Reeder looks for tracts of several thousand acres that have water rights, are near existing power-transmission lines and preferably have been used for agriculture. Land that has been altered for agriculture generally poses fewer environmental concerns than land in its natural state, he said.
Phoenix investor Kuldib Verma bought thousands of acres in the Harquahala Valley west of Phoenix, thinking it would eventually sprout houses.
Now, he is marketing it to utilities as sites for solar-power plants.
On Saturday, he will offer five parcels, totaling about 2,000 acres, in what could be the first "solar-land auction."
After the housing market tanked, Verma thought he would be stuck with the Harquahala property. Then, San Diego's Sempra Energy approached him with an offer to buy 3,000 acres for a solar-power plant.
Besides Sempra, the Solana Generating Station near Gila Bend and Starwood Solar 1 plant in the Harquahala Valley each has tied up about 2,000 acres. The Duke Energy project near the Palo Verde Nuclear Generating Station has tied up about 3,000 acres. Near Kingman, Mohave Sun Power is negotiating to buy 4,000 acres for a solar-power plant, and Albiasa Solar has tied up 1,400 acres.
Those projects are on private land that has been used for agriculture and will require less water than the crops they now support. But the vast majority of the plants are proposed for pristine desert land controlled by the U.S. Bureau of Land Management.
Since the BLM opened its lands to solar-power development in 2007, more than 117 claims have been staked for more than 1.5 million acres of federal land in Arizona, California and Nevada deserts.
That includes 37 applications for a total of 720,000 acres in Arizona.
Applicants include New Dawn Energy, seeking three parcels totaling 224,000 acres in Maricopa and La Paz counties, and Pacific Solar Investments Inc., which has three applications pending for 77,000 acres near Salome and Quartzsite.
California has 60 applications that total 575,000 acres and Nevada 39 active applications for about 300,000 acres.
Bahr and others are concerned that many of the projects will never get built and that speculators are laying claim to government land with the aim to "flip" it to another buyer.
The applications, which should accompany a $50,000 deposit, effectively tie up the land during a lengthy approval process that could include a full environmental-impact study. If approved, the applicant gets a 30-year right-of-way for the property. The applicant then pays a rental fee to the BLM for its use.

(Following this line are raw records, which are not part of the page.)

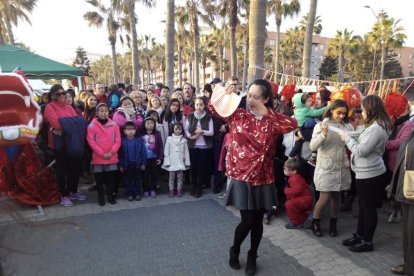 Año nuevo a lomos del dragón oriental. La comunidad china en Almería recibió ayer el año del mono de fuego entre festejos.
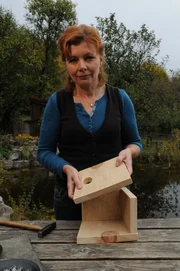 Brigitte Goss zeigt, wie man Vogelnistkästen selber baut.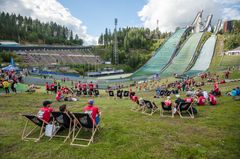 Osallistuja ja katsojat saivat nauttia Red Bull 400 kisasta aurinkoisessa kelissä. Kuvaaja: Victor Engström / Red Bull Content Pool.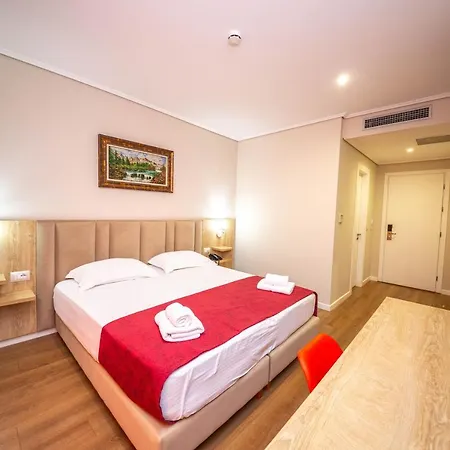 Hotel Class 4*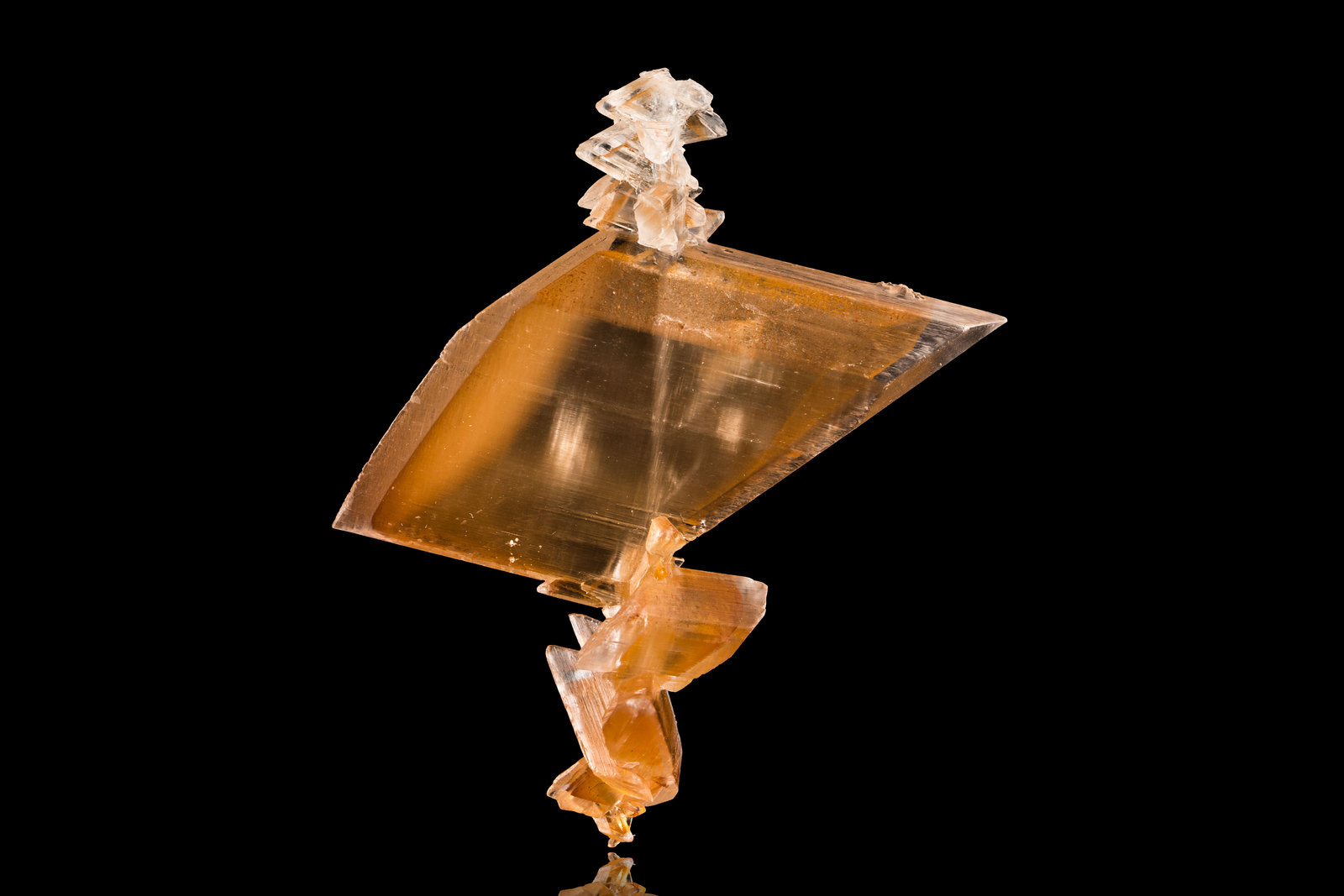 Yeso
8 x 3.5 x 9 cm / Cristal principal: 7.7 cm
(Autor: Museo MIM)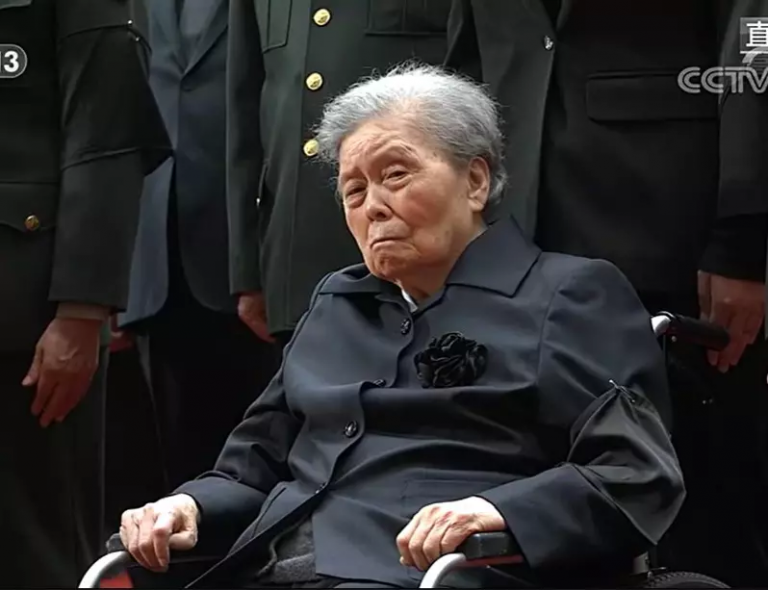 94歲的江澤民遺孀王冶坪坐輪椅出席江澤民追悼大會。（央視新聞截圖）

The BLM is working on a multistate "programmatic" environmental-impact study that will set guidelines for approving the applications. A final report is a year or more away as the agency continues to grant approvals.

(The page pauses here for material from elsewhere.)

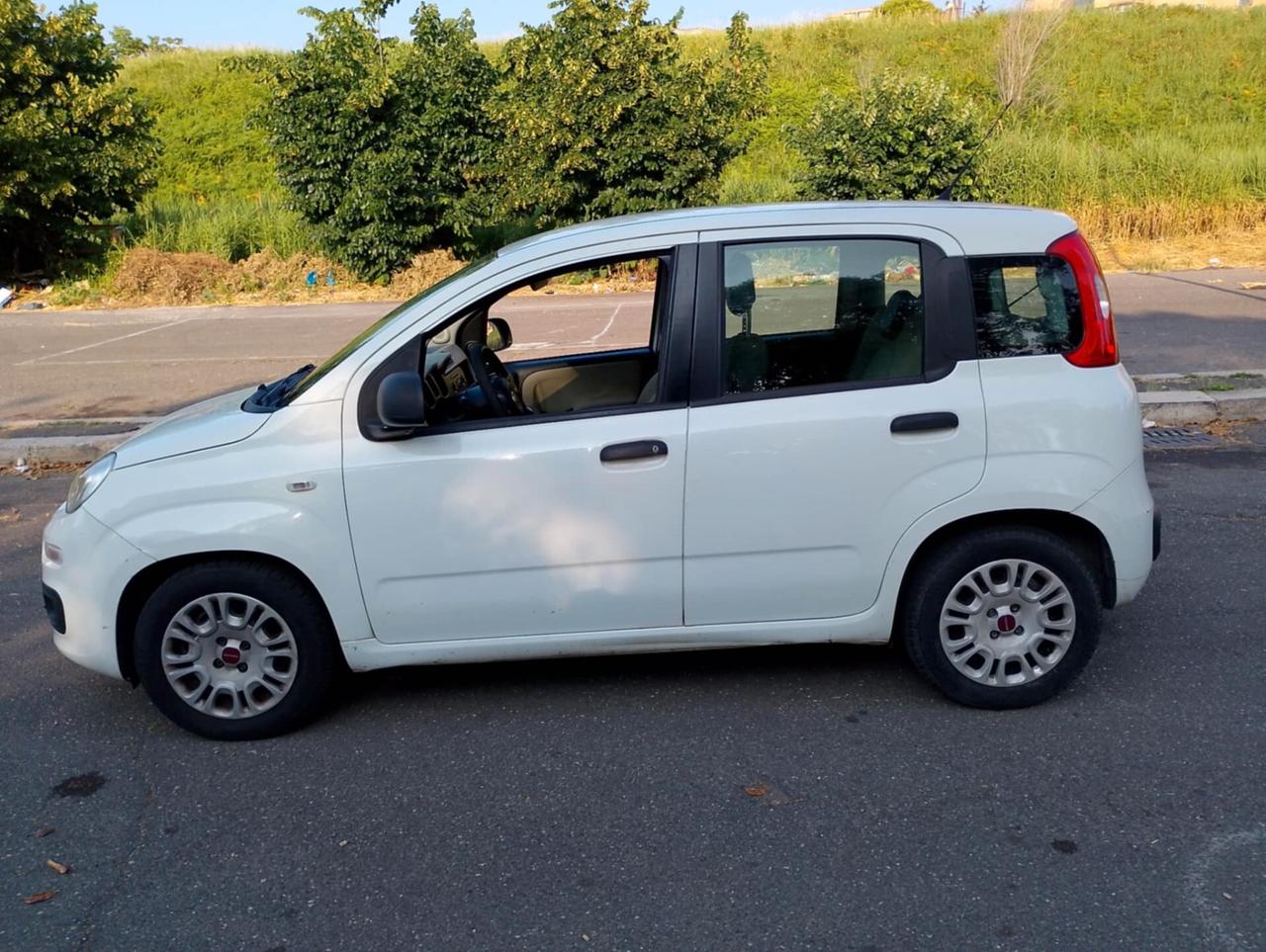 Fiat Panda 1.2 GPL ( LEGGERE ATTENTAMENTE LA DESCRIZIONE)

Meanwhile, in California, the U.S. Department of the Interior is investigating cases in which the applications are being bought and sold for a profit.

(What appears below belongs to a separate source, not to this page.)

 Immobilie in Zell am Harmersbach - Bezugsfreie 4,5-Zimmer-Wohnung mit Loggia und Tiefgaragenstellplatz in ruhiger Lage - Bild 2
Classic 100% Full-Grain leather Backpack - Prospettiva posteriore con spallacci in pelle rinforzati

"Theoretically, they are not supposed to have any value because they have not yet been approved," said Jan Bedrosian, deputy director of external affairs for the BLM in California.
The investigation centers on a $400 million acquisition in March of California's OptiSolar by Tempe-based First Solar Inc. Although OptiSolar is a manufacturer of solar panels, the deal included only the company's pipeline of unfinished solar-power plants and applications for 136,000 acres of BLM land in Southern California. In Arizona, OptiSolar has applications pending to use 14,000 acres for three plants.
First Solar spokesman Alan Bernheimer acknowledged the applications were an important part of the transaction, which he said was "completely aboveboard."